• [EXERCISE DATA]

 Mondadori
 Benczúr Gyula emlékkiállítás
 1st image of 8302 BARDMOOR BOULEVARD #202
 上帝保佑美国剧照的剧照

* * *

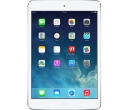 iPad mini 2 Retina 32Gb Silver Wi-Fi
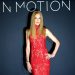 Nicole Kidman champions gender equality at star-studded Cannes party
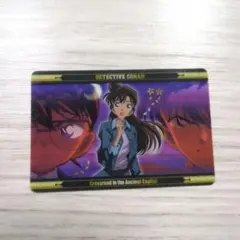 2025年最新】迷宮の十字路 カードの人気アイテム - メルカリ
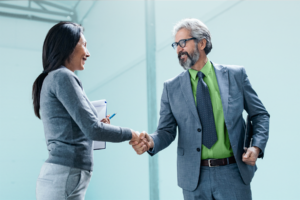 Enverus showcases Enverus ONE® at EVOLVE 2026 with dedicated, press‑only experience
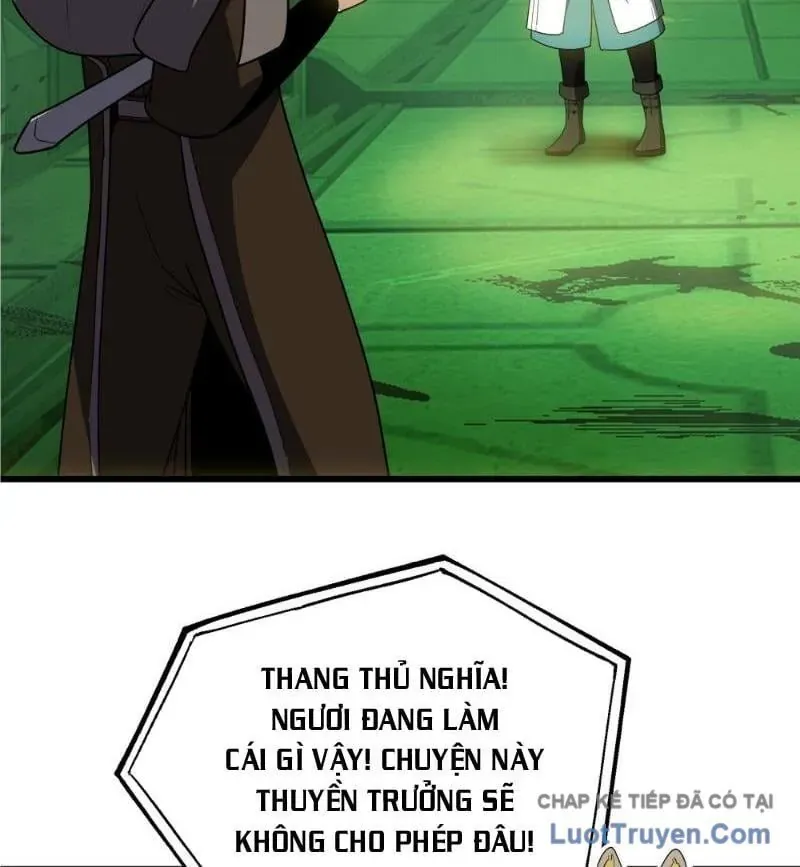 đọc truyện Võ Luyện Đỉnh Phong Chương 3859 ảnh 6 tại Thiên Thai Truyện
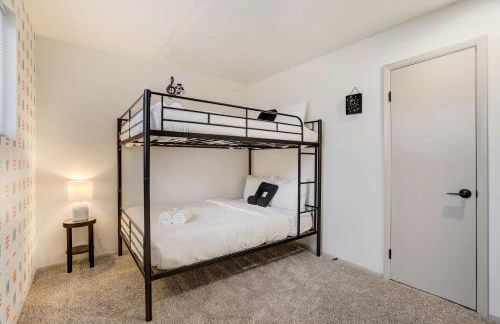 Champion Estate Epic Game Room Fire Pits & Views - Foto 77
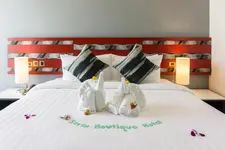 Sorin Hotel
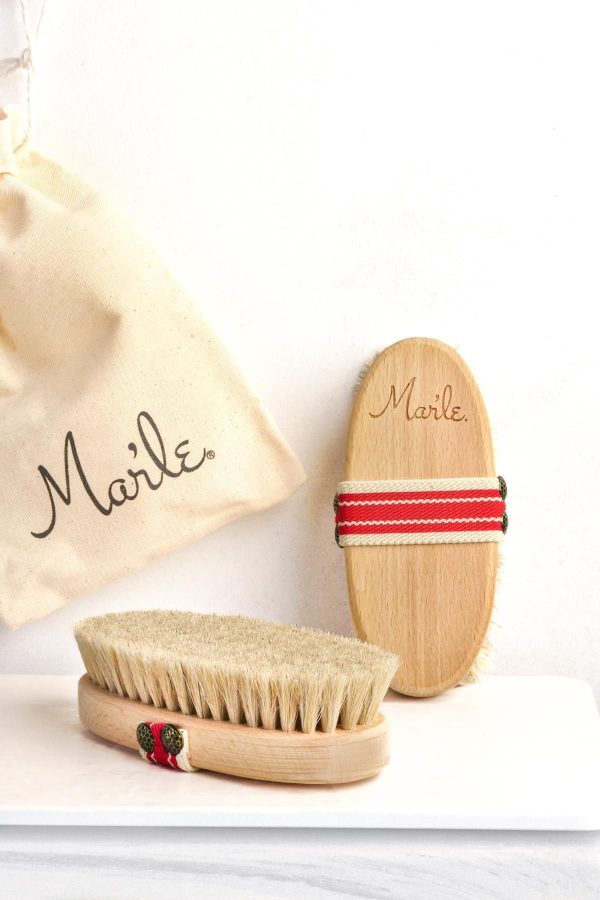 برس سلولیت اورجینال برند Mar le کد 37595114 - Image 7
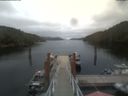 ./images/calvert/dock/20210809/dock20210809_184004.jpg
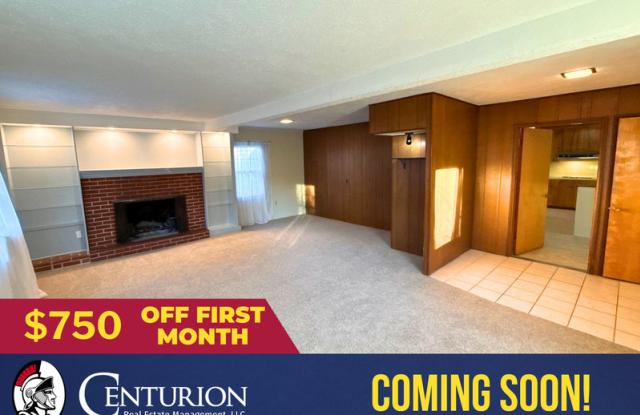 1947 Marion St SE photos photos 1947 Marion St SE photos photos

• [PROBLEM TO SOLVE] Given the records above, return exactly the lines starting at the line containing "Benczúr Gyula emlékkiállítás" and ending at the line containing "上帝保佑美国剧照的剧照", including both.

• [ANSWER BOX]
 Benczúr Gyula emlékkiállítás
 1st image of 8302 BARDMOOR BOULEVARD #202
 上帝保佑美国剧照的剧照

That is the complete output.